Начнем с Катулла. Говоря об услуге, оказанной ему другом, — этот друг предложил ему свой дом для свиданий с Лезбией, — он вспоминает схожую сцену из мифологии, а именно тайные свидания до брака Лаодамии с Протесилаем:
Так в отдаленные дни, нетерпением страсти пылая,
В Протесилая чертог Лаодамия вошла,
Тщетно основанный, прежде чем кровью священной своею
Жертва могла обагрить вышних владык алтари.
Да не полюбится мне, Немезида, суровая дева,
Дело, что наших господ воле перечит святой!
Жаждет голодный алтарь благочестия дани кровавой!
Это признать и ее опыт лихой научил.
Вырвал несчастную рок из объятий желанного мужа
Прежде, чем в сладкой цепи идя, зима за зимой
Негою долгих ночей утоляла любовную жажду,
И одинокая жизнь стала возможна жене.
Роль Лаодамии здесь чисто эпизодическая, а это в свою очередь исключает всякую возможность новаторства в области мифа о ней, вряд ли можно сомневаться, что Катулл следует здесь своему образцу, александрийской поэзии. Дает ли она что-либо новое в сравнении с Еврипидом? Одну маленькую, но интересную подробность. Очевидно, и наш неизвестный автор представлял себе участь Лаодамии как кару: кара предполагает прегрешение, но против кого? Еврипид, поставивший себе тот же вопрос, отвечал на него: против Афродиты, вот в этом отношении наш поэт и разошелся с ним… Позволю себе заметить — если бы кто нашел неясным в моем переводе отношение оборота: ‘прежде чем и т. д.’, — что я тут воспроизвожу намеренную туманность самого подлинника: александрийские поэты, а с ними и их римские подражатели требовали очень внимательного и вдумчивого к себе отношения. Все же при более тщательном размышлении становится несомненным, что поэт хотел сказать следующее: вина Лаодамии заключалась в том, что она, не дожидаясь свадьбы с ее жертвоприношениями, ускорила свое счастье тайными свиданиями с Протесилаем в его неоконченном доме. Этим она возбудила против себя гнев — не Афродиты, конечно, которую брак как таковой не интересовал, а строгой покровительницы этого учреждения Геры. Свадебные жертвоприношения имеют целью расположить эту богиню в пользу брачущихся, в нашем случае Гера, почувствовав себя оскорбленной, отомстила Лаодамии тем, что разорвала ее брак тотчас после его заключения и предоставила молодую жену всем пыткам возбужденной, но неутоленной страсти… В этом последнем заключается, к слову сказать, характерная особенность Катулловой версии, мы не называем ее, однако, новшеством, так как считаем очень вероятным, что она имелась уже у Еврипида.

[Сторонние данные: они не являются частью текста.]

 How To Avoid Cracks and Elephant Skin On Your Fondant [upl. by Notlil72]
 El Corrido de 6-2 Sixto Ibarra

Но при чем здесь ‘тщетно основанный’ (inceptam frustra) чертог Протесилая? Александрийские поэты любили намеки и писали для читателей, умеющих их понимать. В данном случае намек обнаруживает нам и происхождение всей идеи оскорбления Геры. Автор постарался вдуматься в смысл гомеровских стихов о Протесилае (см. выше):
Там он в Филаке жену неутешной вдовою оставил
И полуконченый дом…
Почему ‘полуконченый’ (hemiteles)? Конечно, ответим мы, не в том смысле, что самое здание не было достроено, а либо в более широком (молодожены не успели вполне устроиться), либо в символическом (дом как семья завершается рождением детей). Но мы знаем в то же время, что древние иногда — например Лукиан — понимали наш оборот именно в его прямом смысле, и вот рождался дальнейший вопрос: каким образом дом Протесилая мог оказаться недостроенным? Невесту вводили, разумеется, в готовый дом жениха, итак, мы в данном случае имеем фактическое ускорение или предварение свадьбы… Отсюда — дальнейшее.

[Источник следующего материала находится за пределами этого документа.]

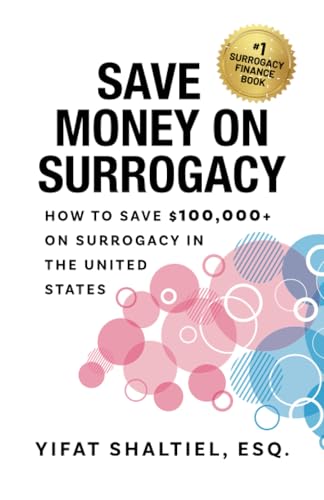 Save Money on Surrogacy: How to Save $100,000+ on Surrogacy in the United States von Palmetto Publishing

Несколько старше Катулла был малоизвестный поэт Левий, от поэм которого нам сохранились только заглавия да отрывки, среди них была также посвященная нашему сюжету баллада под вычурным заглавием ‘Протесилаодамия’. Это была, судя по отрывкам, настоящая баллада в нашем смысле слова, написанная короткими ямбическими стихами, точь-в-точь как и сама ‘Ленора’, переводя ее отрывки, я только рифму прибавил от себя. Лаодамия тоскует по пропавшем без вести супруге, что он умер, этого она не знает, и в ее душе со страхом за жизнь милого борются и другие заботы:
‘Затмил, боюсь, в краю богатом
Красавиц Илиона рой,
Сверкая жемчугом и златом,
Подруги память молодой,
Его пленила чужестранка —
О, если б ложен был мой страх! —
Краса Востока, сардиянка
С лидийской негою в очах!’
С этим мотивом мы до сих пор еще не встречались — и не встретимся даже в подробной психологической картине, которую начертало перо Овидия, как это ни странно, но римский поэт предварил им мысль новейшей баллады, и даже не столько ‘Леноры’, сколько ‘Людмилы’, которая именно с нее и начинается:
‘Где ты, милый? Что с тобою?
С чужеземною красою,
Знать, в далекой стороне,
Изменил, неверный, мне?’
Вероятно, и у Левиевой Лаодамии ревнивые опасения уступили место более реальному страху, мы этого не знаем. Как бы то ни было, но реальный страх оправдывается: получено известие о смерти Протесилая, и ее отец не намерен долее ждать. Он приискал для дочери нового жениха, ее сопротивление напрасно, справляется свадьба. Эта свадьба описывается подробно: тут и священнодействия, и пир, и чествования богов, и веселье смертных:
И вдруг смятенье, стук и грохот:
То ворвалась толпа шутов,
И льется песнь, и слышен хохот
Шумит поток нескромных слов —
обычная приправа греческой и римской свадьбы, Fescennina jocatio. Наконец торжество кончилось, молодые уходят к себе:
Вот надо всей землею сонной
Уж Ночь покров сомкнула свой,
И по природе утомленной
Разлился сладостный покой…
Чем-то зловещим веет от этой ночной тишины, сменившей шумный день, мы знаем этот мотив из ‘Леноры’.
До той поры, как ночь пришла
И темный свод над нами
Усыпался звездами…
И вот как будто легкий скок
Коня в тиши раздался.
По-видимому, и у римского поэта здесь следовало появление призрака. Вопли уведенной насильно невесты достигли слуха ее любимого первого мужа, нарушили его чуткий сон под покровом земли, он приходит к ней — приходит за ней.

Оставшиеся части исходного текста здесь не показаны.